Economists: Stimulus wiped out 550,000 jobs

Last week, economists Timothy Conley and Bill Dupor concluded that the stimulus package (The American Recovery and Reinvestment Act of 2009 0r ARRA) shrank the economy even in the short run, destroying about 550,000 jobs overall.   (The stimulus saved or created 450,000 government jobs, but that was more than offset by the fact that the stimulus wiped out a million private-sector jobs).  As they noted in their study,

“Our benchmark results suggest that the ARRA created/saved approximately 450 thousand state and local government jobs and destroyed/forestalled roughly one million private sector jobs. State and local government jobs were saved because ARRA funds were largely used to offset state revenue shortfalls and Medicaid increases rather than boost private sector employment. The majority of destroyed/forestalled jobs were in growth industries including health, education, professional and business services.”

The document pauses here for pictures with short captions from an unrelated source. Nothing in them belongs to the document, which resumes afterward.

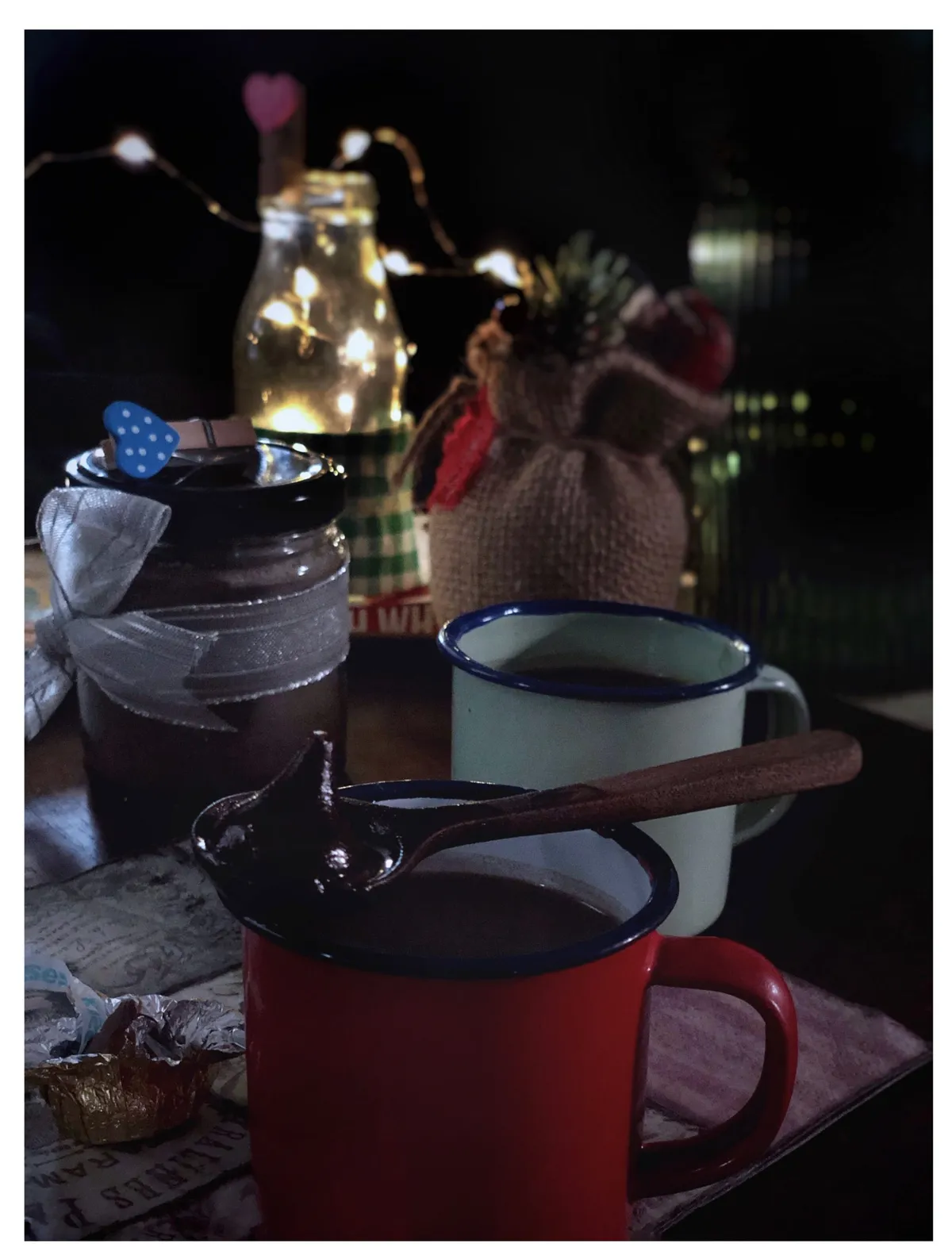Step 4 image 1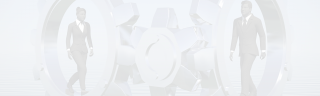 Mrs Systems Limited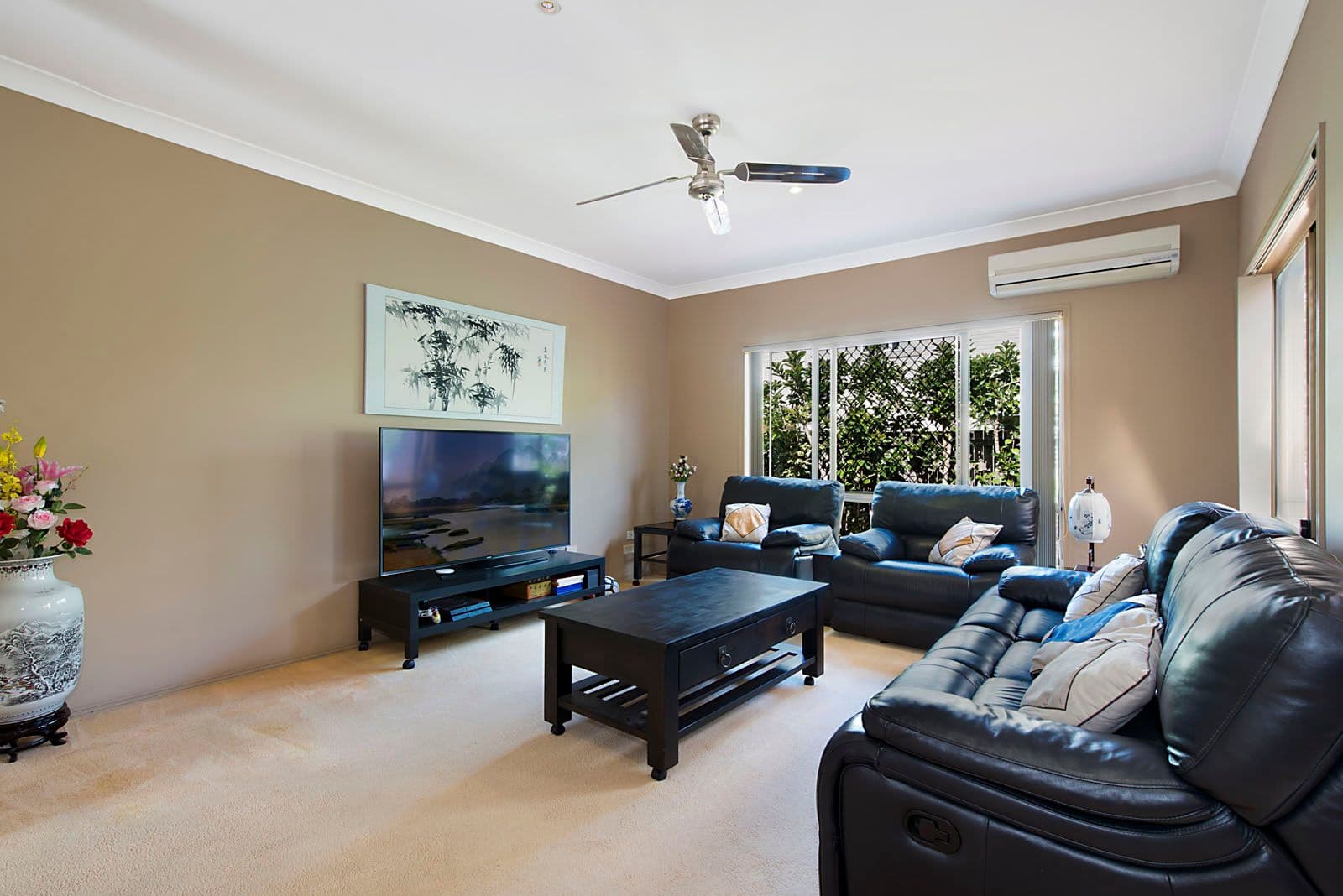 57 Eastwood Drive, Mansfield QLD 4122, Mansfield - Thumbnail 2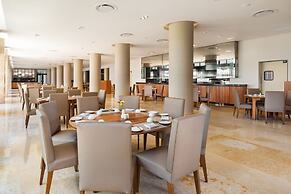 Villa La Valencia Los Cabos Beach Resort & Spa - All Inclusive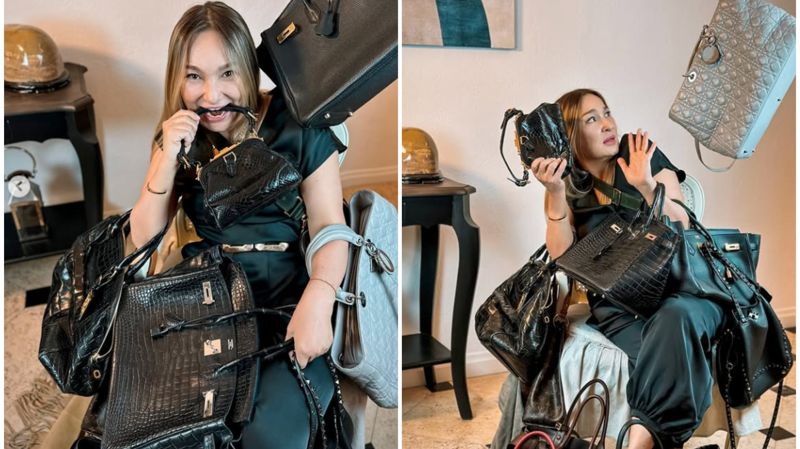 Ляйсира Марат 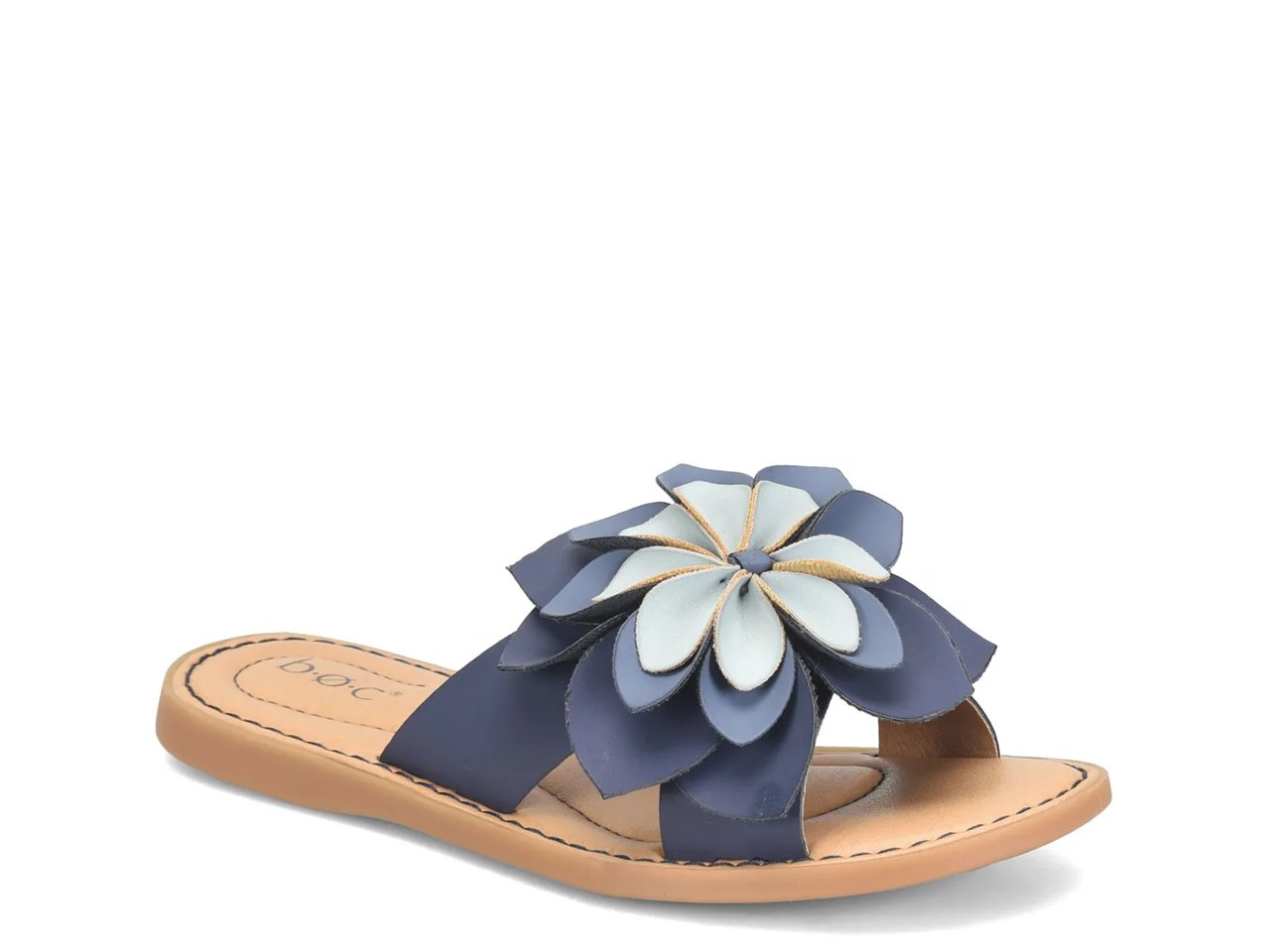 Kasia Sandal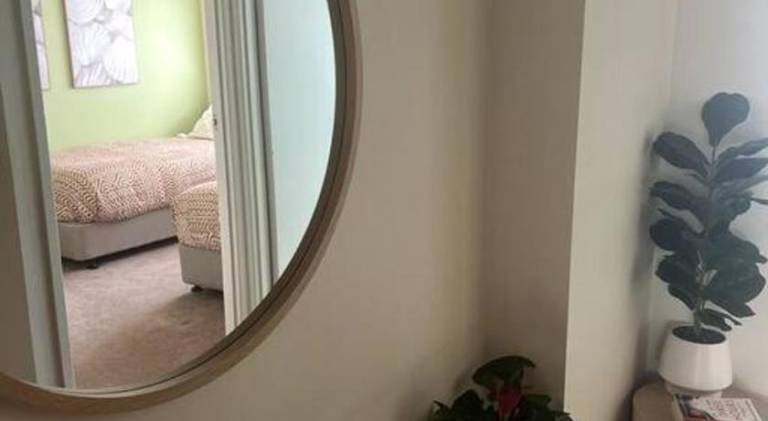 foto20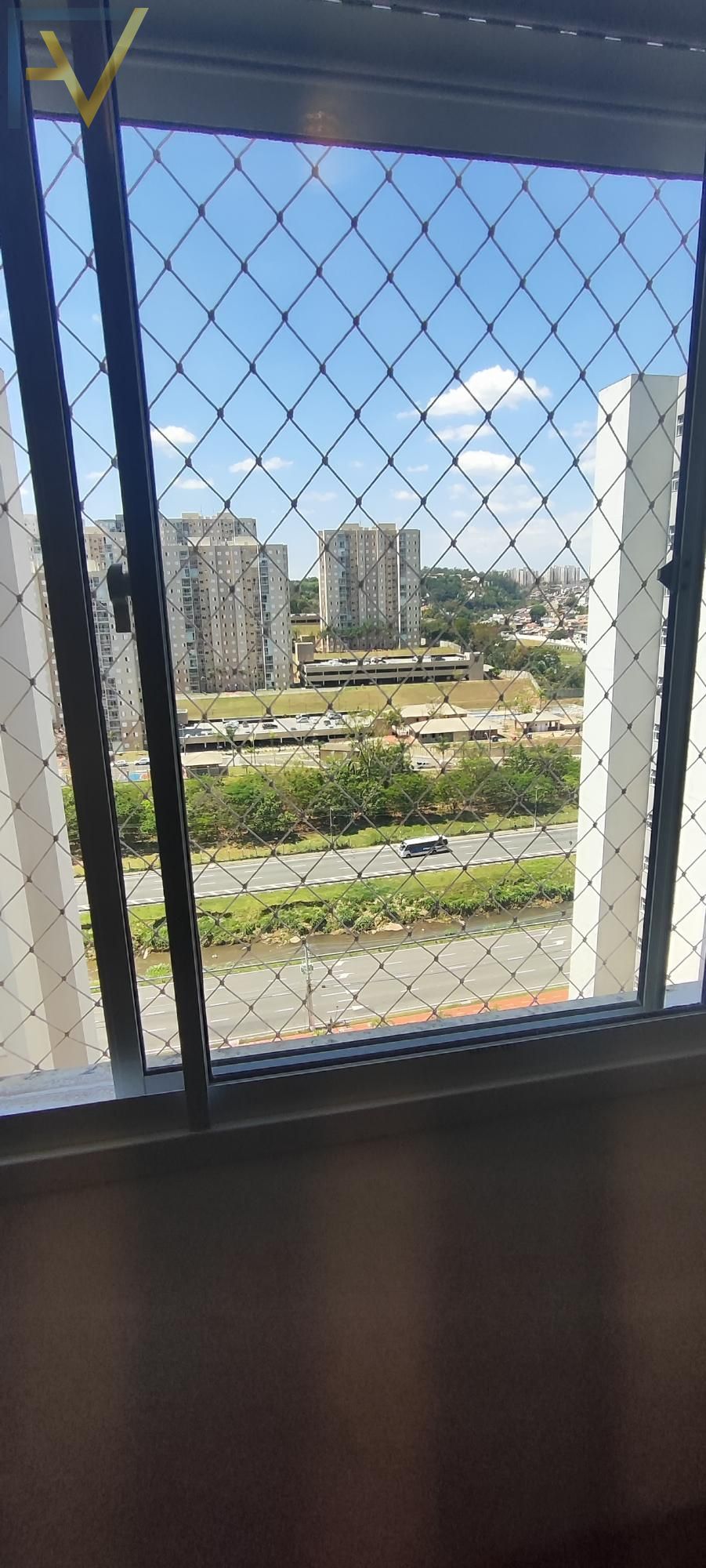 Apartamento, 2 quartos, 47 m² - Foto 17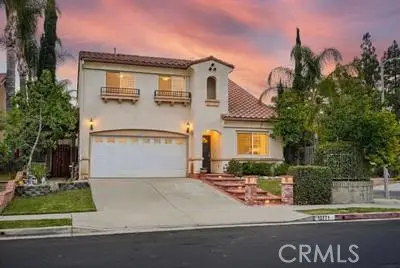 12771 Cameron Avenue, Sylmar, CA 91342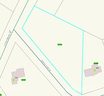 974 General Hoke Drive sold home in Lincolnton, SC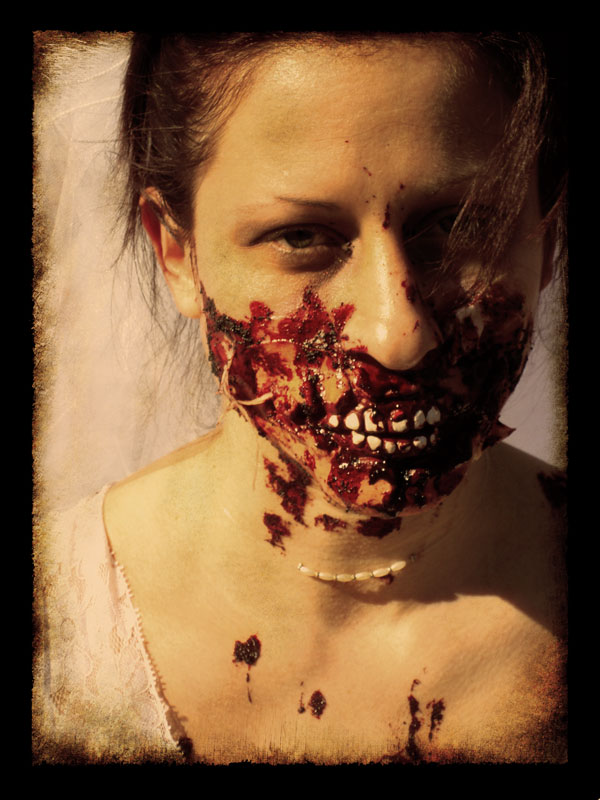 Zombie Photo 21 Zombie-Photo-21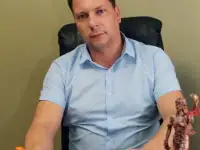 Юрист раздел имущества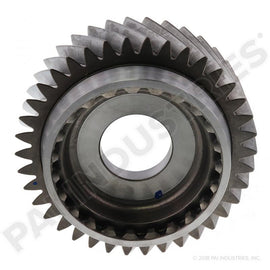 PAI EF59570HP FULLER 4302041 AUXILIARY MAINDRIVE GEAR (HIGH PERFORMANCE) (USA) | woodlineparts.com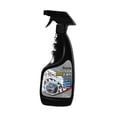 thumbnail image 2 of S SERENABLE Bike Chain Lubricant Professional Bike Cleaner Multifunction Maintenance Oil, 2 of 9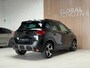 Citroën C3 Aircross 1.2 PureTech S&S Shine - PANORAMADAK - NAVI - LEDER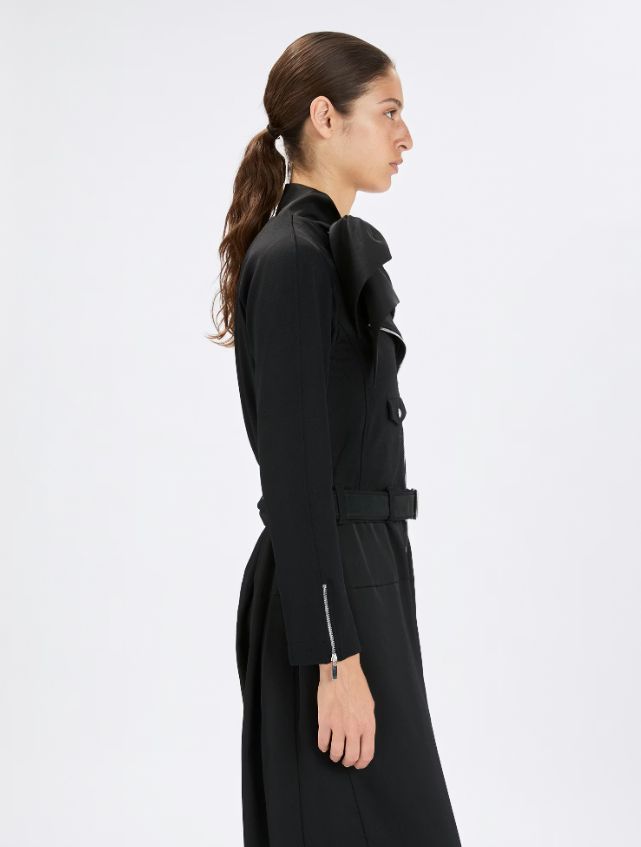 captura de pantalla 2026 01 17 175638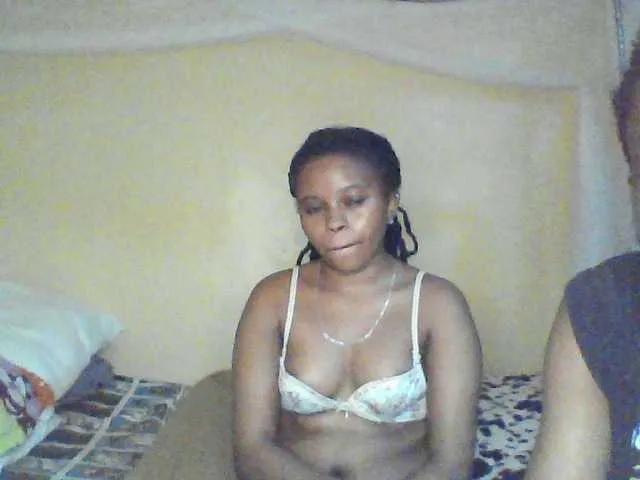 BongaCams sweetdickpussy2  is Freechat  sweetdickpussy2 — masturbation and blowjobs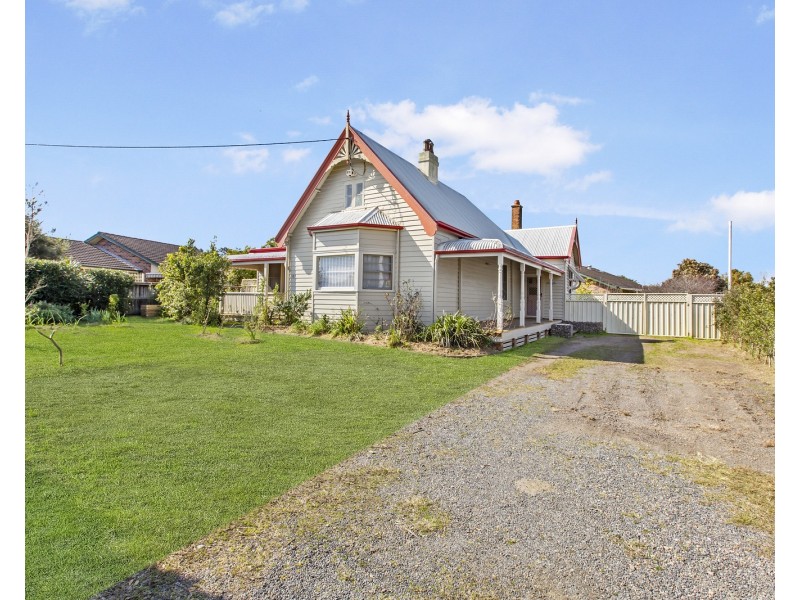 183 Adelaide Street, Raymond Terrace NSW 2324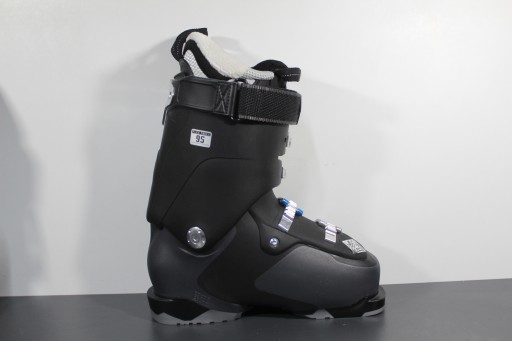 NEW NORDICA BELLE H3 размер 23,5/37 ............[ap]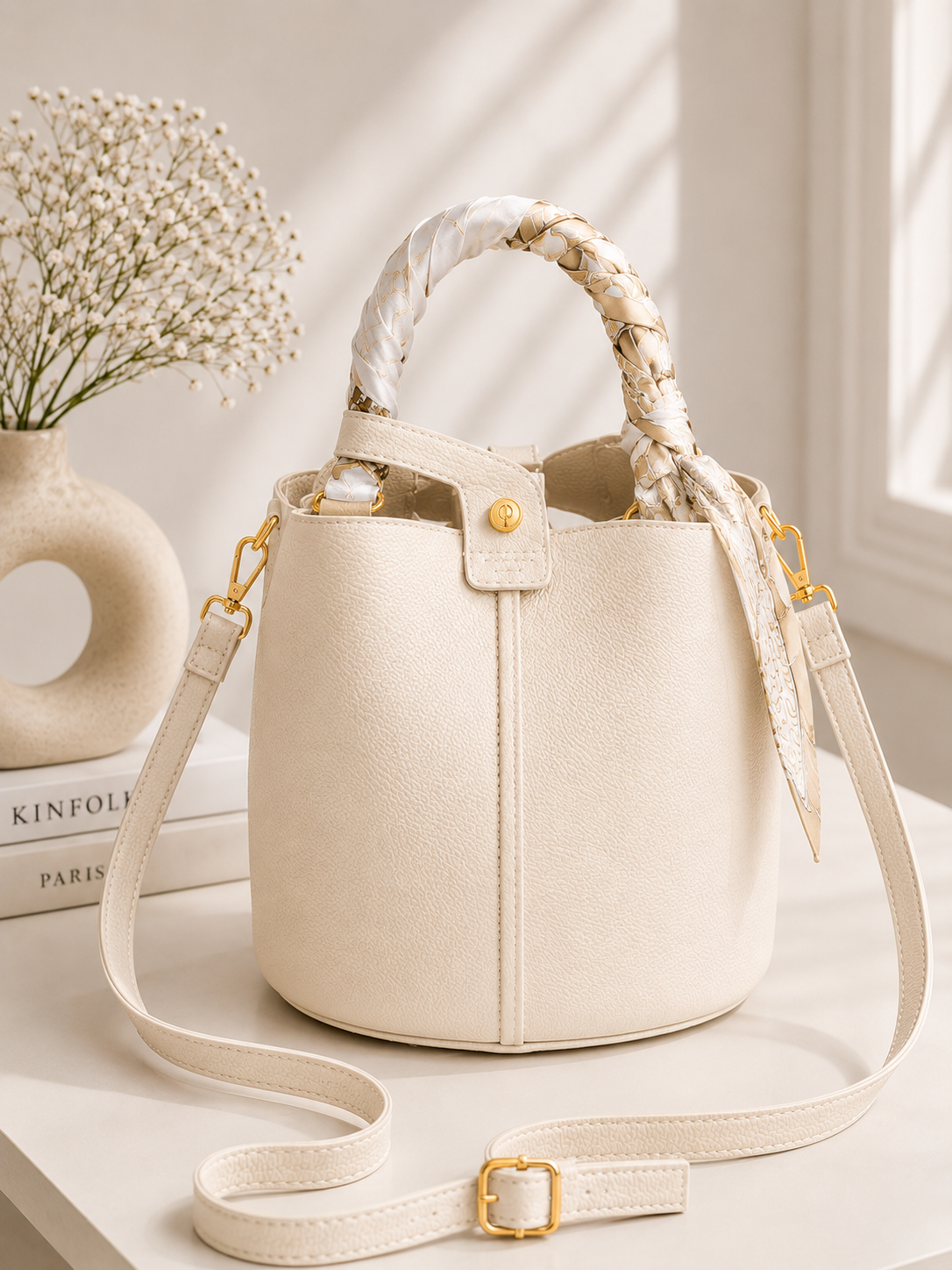 Handbag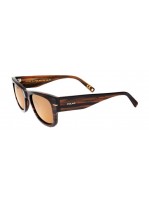 Polar Gold 164 col 424  Γυαλιά ηλίου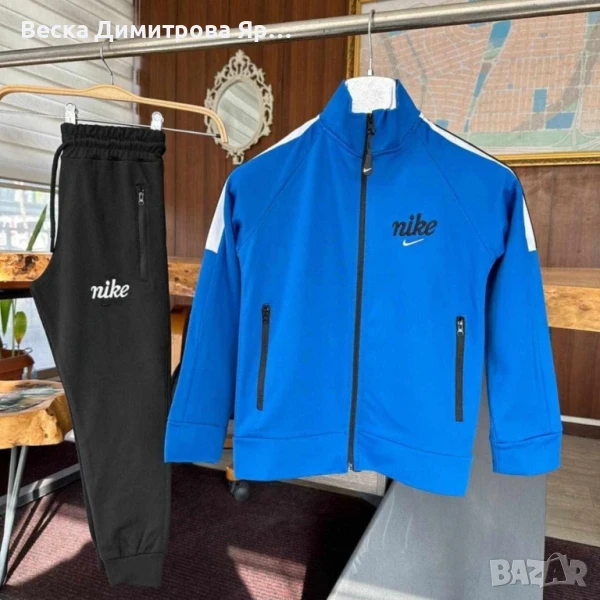 Детски екипи , снимка 1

The stimulus package was criticized by many other economics professors, like Harvard University’s Jeffrey Miron, Robert Barro and Martin Feldstein.  (Barro called it “the worst bill that has been put forward since the 1930s.”   Feldstein, who also criticized it, served as an economic advisor to Presidents Obama and Reagan).

Nobel Laureates like Gary Becker have also criticized the stimulus package.  Two hundred economists signed a statement publicly opposing the stimulus package in an ad published in The Washington Post and The New York Times.

While pushing the stimulus package through Congress, Obama cited claims by the Congressional Budget Office (CBO) that it would save jobs in the short run, while ignoring the CBO’s own finding that the stimulus will actually shrink the economy over the long run, by exploding the national debt and crowding out private investment.   Obama also made the apocalyptic claim that the stimulus package was necessary to avert “irreversible decline,” but this claim was so incredible that it was not even peddled by his supporters in the media.

Much stimulus money has been wasted.  It has gone to prisoners and dead people, wasteful welfare spending, abandoned bridges to nowhere and unnecessary government buildings.  The stimulus subsidized foreign green jobs and wiped out jobs in America’s export sector.

The “’stimulus’ is not the road to economic recovery.  It’s the problem, not the solution,” wrote Nobel Prize winning economist Vernon L. Smith.